In this 5th week of Lent we are in the process of renewing God’s hold on our hearts. The Lord told Jeremiah, “No longer shall they teach one another, or say to each other, Know the Lord,’ for they shall all know me.” “To know” someone in the Old Testament was to have a personal relationship with them, not just to have knowledge about someone. So, it is a deeper thing based on trust. If you don’t trust someone it will be difficult to have a meaningful relationship with them. We allow God into our hearts because we trust Him.

The psalmist cried to God, “Create in me a clean heart, O God, and renew a right spirit within me.” He knew he was a man weakened by sin. Perhaps the psalmist had experienced the sad consequences of trying to go his own way without God. So, in this psalm for today, the psalmist is confessing to God and asking God to change his heart.

During Holy Week we will once again recite Psalm 51 together. It seems to be the high point of our spiritual journey during Lent, confessing to God our unfaithfulness and asking him to help us. We will recite verse 13, “Give me the joy of your saving help again, and sustain me with your bountiful Spirit.”

Happy are they who walk in the law of the Lord. They shall run straight and true.

Amen.



The Rev. Marjorie Bevans

A native of northern Virginia’s horse country, she is a graduate of the University of Virginia (where she majored in philosophy) and the Anglo-Catholic Nashotah House seminary. She also studied law which led to a career in the title insurance business before her call to the ministry in the late 90s. She has been an ordained Episcopal priest for 22 years, serving several parishes in the Richmond area and for the last 12 years as Rector of Good Shepherd Episcopal Church in Parkersburg, West Virginia. (An interesting aside is that she did missionary work among the Inuit in Alaska.) Marjorie is theologically conservative, Christ-centered and very well versed in and focused on scripture. She embraces the traditional liturgy of the Book of Common Prayer. She believes teaching scripture-based theology is her principal calling. She spent the summer of 2022 in England at Oxford studying Christian Apologetics. She is keenly interested in children and young people and feels they have a strong, but unsatisfied, yearning for the life of faith and the spirit. She feels there are several ways to foster a deeper knowledge of God and community, including such things as small home groups and a Theology Pub where young adults can meet to learn about Christ’s teaching in a casual setting. Music is another way to reach out with special services for the young and offerings such as Taizé which is a prayerful form of music. She even uses her love of the outdoors as she did when she started a West Virginia chapter of “Holy Hikes”, a ministry of hiking and celebrating the Eucharist in beautiful places.

Marjorie places high value on pastoral care as well as community participation by her church.
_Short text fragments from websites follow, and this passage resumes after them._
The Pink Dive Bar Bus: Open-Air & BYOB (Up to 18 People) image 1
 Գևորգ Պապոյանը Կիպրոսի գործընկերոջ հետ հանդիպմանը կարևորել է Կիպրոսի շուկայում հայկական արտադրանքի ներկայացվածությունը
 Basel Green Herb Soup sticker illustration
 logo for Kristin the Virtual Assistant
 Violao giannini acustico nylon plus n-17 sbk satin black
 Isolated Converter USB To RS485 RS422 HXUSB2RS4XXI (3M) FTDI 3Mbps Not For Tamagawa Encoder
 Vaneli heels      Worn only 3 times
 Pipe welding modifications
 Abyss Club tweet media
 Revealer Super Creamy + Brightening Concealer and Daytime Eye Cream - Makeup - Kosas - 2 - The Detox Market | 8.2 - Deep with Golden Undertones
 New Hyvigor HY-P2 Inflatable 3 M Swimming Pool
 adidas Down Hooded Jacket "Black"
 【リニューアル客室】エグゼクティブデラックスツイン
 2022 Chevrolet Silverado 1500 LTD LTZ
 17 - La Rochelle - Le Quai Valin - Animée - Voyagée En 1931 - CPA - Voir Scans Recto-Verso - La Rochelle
At her previous parish, Marjorie led parish involvement in a variety of important community support activities; for example, collaborating with town officials in establishing a Neighborhood Youth Academy, a community garden, and allowing Narcotics Anonymous to meet at the church.

One of Marjorie’s principal interests outside of her priestly duties is all forms of church and classical music. She has a trained choral voice and she told us that it was the Anglican musical tradition that drew her to the Episcopal Church in the first place. Her favorite pastimes are horseback riding and enjoying the outdoors. In fact, as a young priest, she served as chaplain to the owners, jockeys, and trainers at the local racetrack. Now she likes to hike and works out several days a week. Her husband, Bruce, is also an Episcopal priest. He serves two small congregations in West Virginia.